Workout Description
AMRAP in 25 minutes
7 Muscle-Ups
11 Thrusters (155/105 lb)
14 Toes-to-Bar
Why This Workout Is Very Hard
A long 25-minute AMRAP with advanced gymnastics (ring muscle-ups), heavy thrusters (155/105 lb), and high-volume hanging core work. The skill ceiling is high, the barbell load is demanding for sets, and grip/shoulders are taxed continuously. Sustaining quality movement and pacing for the full duration requires strong capacity and experience under fatigue.
Training Focus
This workout develops the following fitness attributes:
- Stamina (8/10): Repeated moderate-to-high rep sets under fatigue require sustained muscular endurance of shoulders, grip, and legs.
- Endurance (7/10): Twenty-five minutes of continuous work challenges aerobic capacity, but without monostructural movement it’s more mixed-modal endurance than steady-state cardio.
- Power (6/10): Hip drive and explosive turnover in muscle-ups and powerful thruster drive are essential, especially early in sets.
- Speed (5/10): You’ll move steadily rather than sprint; quick but controlled cycling and short rests preserve pace over 25 minutes.
- Strength (5/10): The thruster load is heavy for cycling, demanding strength endurance, though not near one-rep max territory.
- Flexibility (4/10): Front rack and overhead positions for thrusters plus deep squat, plus shoulder extension/flexion for muscle-ups require decent mobility.
Scaling Options
Scale to: 7 Jumping Ring Muscle-Ups • 7 Chest-to-Bar Pull-Ups + 7 Ring Dips • 10 Pull-Ups + 10 Box/Bench Dips • Thrusters 115/75 or 95/65 or 75/55 lb • 14 Knee-to-Elbow or 14 Hanging Knee Raises
Scaling Explanation
These options preserve the pulling + pressing pattern of muscle-ups, the intended thruster stimulus (heavy but cycled in 1–2 sets), and the midline/grip demand so athletes keep the same pacing and training effect.
Intended Stimulus
A steady, challenging grind where you manage small sets and short rests. Heart rate stays high but under redline. The goal is consistent movement quality: crisp kips, efficient transitions, and smart sets on heavy thrusters. Grip and shoulders should feel taxed but not blown up so you can maintain output to the 25-minute mark.
Coach Insight
Open with sustainable sets: 3-4/3-4 muscle-ups, 6/5 thrusters, 8/6 toes-to-bar. Keep rests under 10 seconds.

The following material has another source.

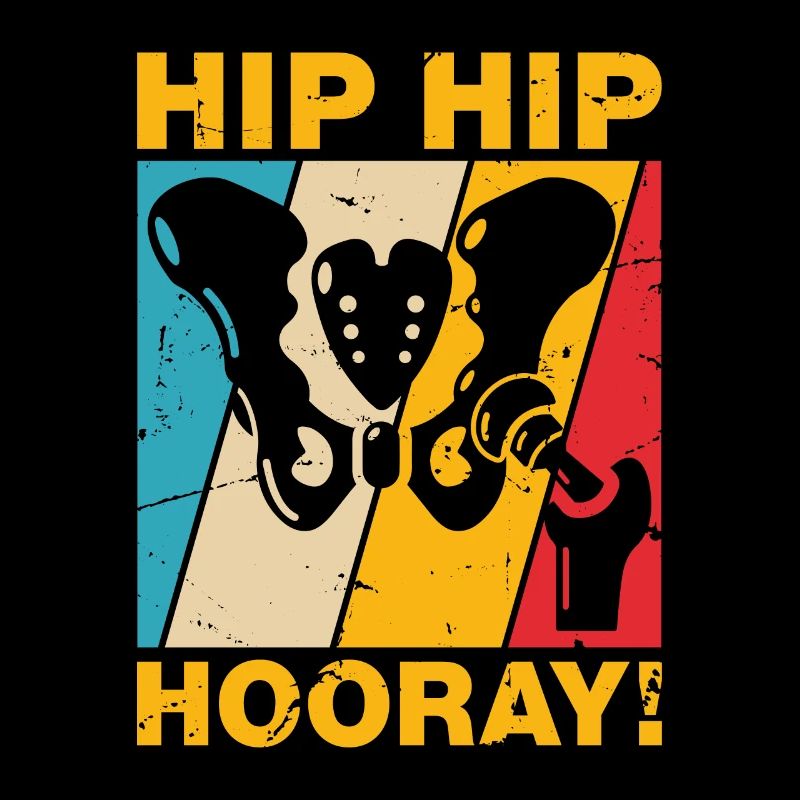 Hip Hip Hooray Hip Replacement Funny Physical Therapy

The one tip: Break before you have to. Stop one rep early while you’re fresh to avoid long, costly breaks later.
Common mistakes: Going unbroken early, death-grip on the bar, sloppy front-rack positions, and losing kip rhythm when fatigued.
Benchmark Notes
Your score is total reps in 25 minutes. Each round is 32 reps. Hitting 128 reps (~4 rounds) is solid. 160–192 reps (5–6 rounds) indicates advanced capacity. 208–224 reps (6.5–7 rounds) is elite pacing with minimal breaks and excellent efficiency on muscle-ups and heavy thrusters.
Modality Profile
Two of the three movements are gymnastics (muscle-ups and toes-to-bar), dominating time and grip/shoulder fatigue. The heavy thruster represents significant weightlifting volume but only one of three elements. There is no monostructural element, so the breakdown skews toward gymnastics with substantial barbell work.